注意
点击 这里 下载完整示例代码
音频重采样¶
作者: Caroline Chen, Moto Hira
本教程展示了如何使用 torchaudio 的重采样 API。
import torch
import torchaudio
import torchaudio.functional as F
import torchaudio.transforms as T
print(torch.__version__)
print(torchaudio.__version__)
2.2.0
2.2.0
准备¶
首先,我们导入模块并定义辅助函数。
import math
import timeit
import librosa
import matplotlib.colors as mcolors
import matplotlib.pyplot as plt
import pandas as pd
import resampy
from IPython.display import Audio
pd.set_option("display.max_rows", None)
pd.set_option("display.max_columns", None)
DEFAULT_OFFSET = 201
def _get_log_freq(sample_rate, max_sweep_rate, offset):
"""Get freqs evenly spaced out in log-scale, between [0, max_sweep_rate // 2]
offset is used to avoid negative infinity `log(offset + x)`.
"""
start, stop = math.log(offset), math.log(offset + max_sweep_rate // 2)
return torch.exp(torch.linspace(start, stop, sample_rate, dtype=torch.double)) - offset
def _get_inverse_log_freq(freq, sample_rate, offset):
"""Find the time where the given frequency is given by _get_log_freq"""
half = sample_rate // 2
return sample_rate * (math.log(1 + freq / offset) / math.log(1 + half / offset))

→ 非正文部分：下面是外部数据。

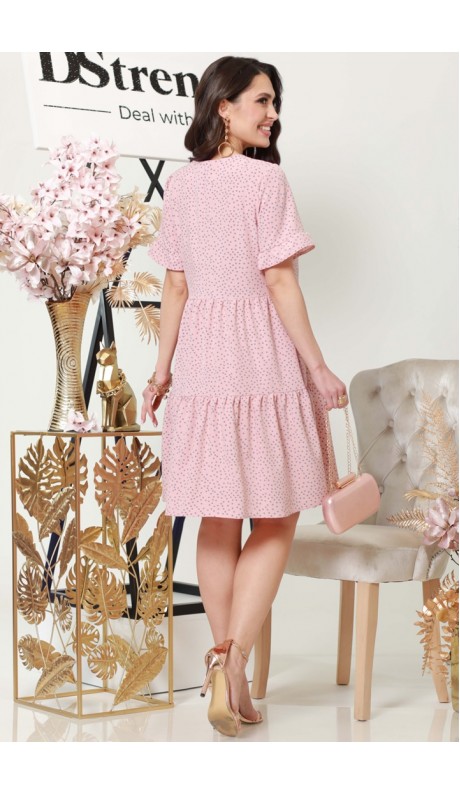 Ланорис платье розовое в горошек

def _get_freq_ticks(sample_rate, offset, f_max):
# Given the original sample rate used for generating the sweep,
# find the x-axis value where the log-scale major frequency values fall in
times, freq = [], []
for exp in range(2, 5):
for v in range(1, 10):
f = v * 10**exp
if f < sample_rate // 2:
t = _get_inverse_log_freq(f, sample_rate, offset) / sample_rate
times.append(t)
freq.append(f)
t_max = _get_inverse_log_freq(f_max, sample_rate, offset) / sample_rate
times.append(t_max)
freq.append(f_max)
return times, freq
def get_sine_sweep(sample_rate, offset=DEFAULT_OFFSET):
max_sweep_rate = sample_rate
freq = _get_log_freq(sample_rate, max_sweep_rate, offset)
delta = 2 * math.pi * freq / sample_rate
cummulative = torch.cumsum(delta, dim=0)
signal = torch.sin(cummulative).unsqueeze(dim=0)
return signal
def plot_sweep(
waveform,
sample_rate,
title,
max_sweep_rate=48000,
offset=DEFAULT_OFFSET,
):
x_ticks = [100, 500, 1000, 5000, 10000, 20000, max_sweep_rate // 2]
y_ticks = [1000, 5000, 10000, 20000, sample_rate // 2]
time, freq = _get_freq_ticks(max_sweep_rate, offset, sample_rate // 2)
freq_x = [f if f in x_ticks and f <= max_sweep_rate // 2 else None for f in freq]
freq_y = [f for f in freq if f in y_ticks and 1000 <= f <= sample_rate // 2]
figure, axis = plt.subplots(1, 1)
_, _, _, cax = axis.specgram(waveform[0].numpy(), Fs=sample_rate)
plt.xticks(time, freq_x)
plt.yticks(freq_y, freq_y)
axis.set_xlabel("Original Signal Frequency (Hz, log scale)")
axis.set_ylabel("Waveform Frequency (Hz)")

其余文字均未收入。